Would you pay to use Twitter? Apparently not. Research released last week revealed that a big fat zero percent of people would pay to use it.
While I view that figure with a good pinch of salt, the study has taken the industry by storm, serving as an unwanted reminder of how time is running out for social media services – and indeed, any sort of online content provider – to get to grips with making their free services profitable.
You only have to look at how The Times is supposedly ‘celebrating’ a dismal 33 percent of retained online visitors (which includes those who simply arrive at the home page and leave without signing up) to know that, in the long term, forcing people pay to for something they can get elsewhere for free just isn’t going to work.
So where does that leave the new media industry?
Even though the majority of publications speculated (and in fact, made fun of) how The Times paywall would be a total failure, part of me thinks they were secretly hoping it would be a success, as it would restore faith in the profitability of the internet and in new media services in general.

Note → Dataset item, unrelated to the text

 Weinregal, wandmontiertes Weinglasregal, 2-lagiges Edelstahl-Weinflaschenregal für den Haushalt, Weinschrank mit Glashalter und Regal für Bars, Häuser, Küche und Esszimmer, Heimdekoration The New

The natural alternative to paying for content is, of course, adverts. But with further figures from the aforementioned study revealing that 70 percent of people find online adverts annoying, even though they’d prefer display ads to paid-for content, the industry seems to be speedily hurtling towards a bleak future.
But success stories, rare as they may be, do exist. Take free online music service We7 for example. The first in the market to cover its running costs while still paying proper royalties to artists, We7 uses techniques like localised adverts to run a successful funded-by-adverts free content model.
We7 has therefore proven that advertising can be used to fund a successful, profitable online content service. Let’s just hope that more companies follow in its footsteps, otherwise free, top-quality content may soon be a thing of the past.